誰かを愛するとは、その人のことを好きだと感じることだと思う人にとって、敵を愛することは不可能であるだけではなく、ご自分の弟子たちに敵を愛することを要求しておられるイエスは、非現実的な人間、世間をまったく知らない人間に見えるかもしれません。

しかし、イエスが言っている愛とは、感情のことではなく、行いのことなのです。誰かを愛するとは、その人を好きだと感じることではなく、その人のために善を行う、しかも、無条件に善を行おうと決心することなのです。

もし、誰かが自分に対して善を行う人のために善を行い、自分に対して悪を行う人のために悪を行うならば、この人は、イエスが言われているような意味では誰をも愛していない、ただ、自分を中心にして、自分の利益を基準にして、周りの人々に振り回されているだけなのです。

キリストの弟子として生きるとは、イエス・キリストに倣って、愛を基準にして生きること、つまり自分に対して善を行う人のためにも、悪を行う人のためにも、善を行うということなのです。しかし、善を行うとは、誰にとっても優しい態度をとったり、何でも許したりすることではなく、必要に応じて、相手の怒りや妬みを招くことになっても、イエスのように、相手の過ちを示したり、その他の正当な手段を以て悪事を止めさせたりすることなのです。
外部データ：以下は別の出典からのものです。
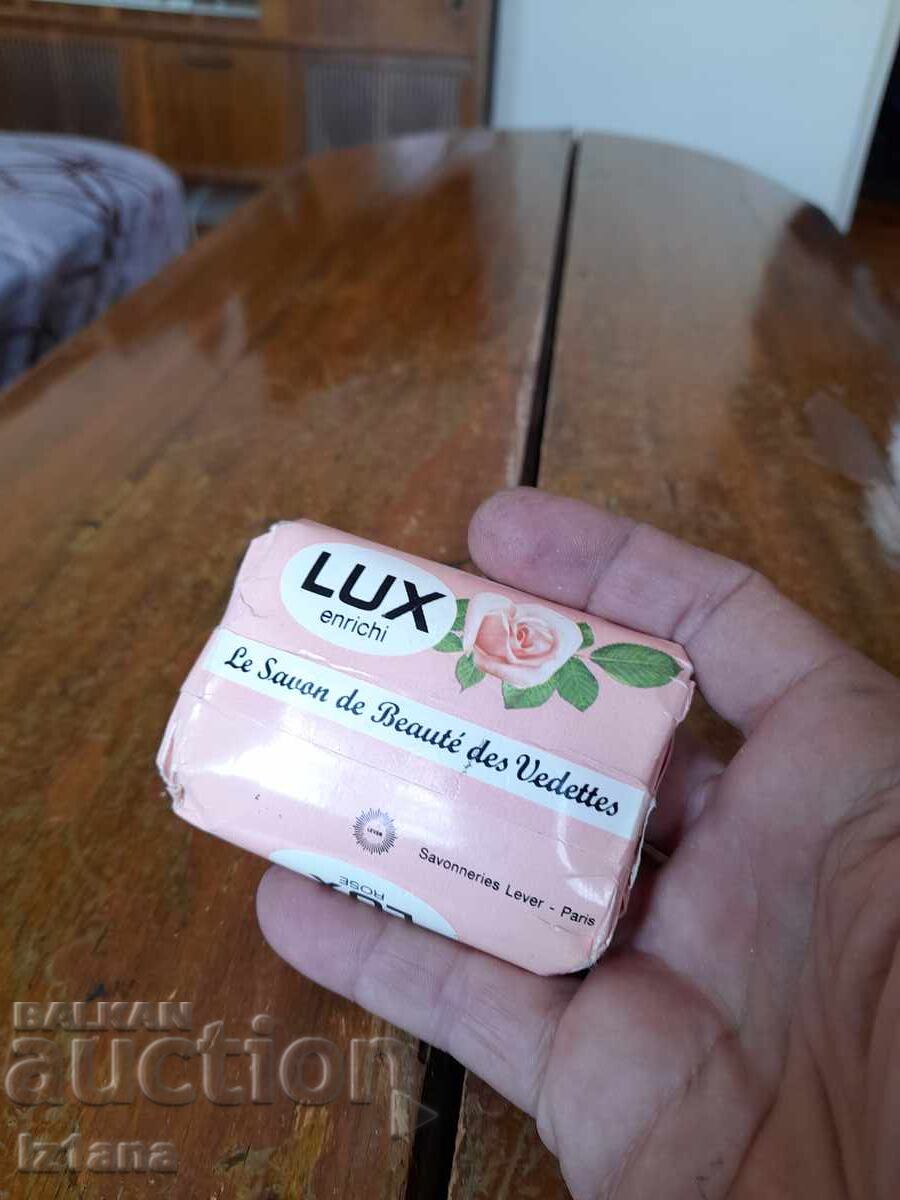 Auction  Old Lux soap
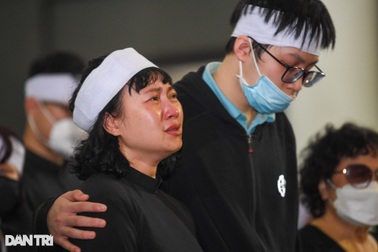 Khánh Linh khóc nghẹn trong giờ phút tiễn biệt anh trai - nhạc sĩ Ngọc Châu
人がこのように愛に生き、すべての人のために真の善を行っても、すべての人に尊敬されるとか、ましてやすべての人から恩返しを受けるということはまずないでしょう。それよりも、多くの人に憎まれ、苛められる可能性の方が高いです。けれども、この人は、このような悪事さえも生かして、必ず人間として成長し、イエス・キリストご自身と同じように神の心に適う神の子になります。そして、その人はいつくしみ深い父である神ご自身の愛を示すことによって、多くの人々を神のもとに引き寄せることもできるでしょう。